Le 21 mai 1605, Jeanne arrive au château de Sales, pour rencontrer une nouvelle fois l'évêque de Genève. Elle y demeure dix jours, durant lesquels François lui fait part à mots couverts de ses projets. Jeanne lui répond par cette question : " Ô mon Dieu, mon Père, hé, ne m'arracherez-vous point au monde et à moi-même ? ". L'idée d'entrer en religion se précise donc, et c'est avec une nouvelle ferveur spirituelle que Jeanne retourne à Monthelon.
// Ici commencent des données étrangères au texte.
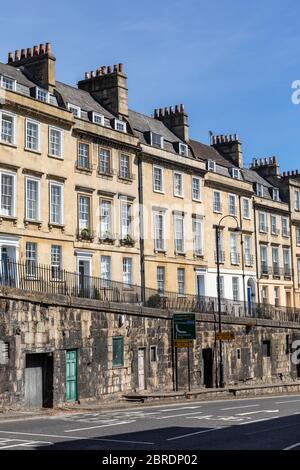 L'A4 iinto Bath est habituellement une route très fréquentée avec la file d'attente de trafic, mais pendant le coronavirus, la pandémie COVID‑19, la rue est pratiquement vide, au Royaume-Uni Banque D'Images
Ferveur spirituelle qui ne doit en rien faire oublier qu'elle est toujours torturée par ses tentations. " Tant que je pouvais, je me tenais serrée à l'arbre de la Croix, crainte que tant de voix charmeresses ne fissent endormir mon cœur en quelques complaisances mondaines ", écrit-elle. Dans l'élan, elle joint le geste à la parole, gravant avec un fer rougi au feu le saint nom de Jésus sur son cœur. Toute sa vie, la sainte gardera cette cicatrice !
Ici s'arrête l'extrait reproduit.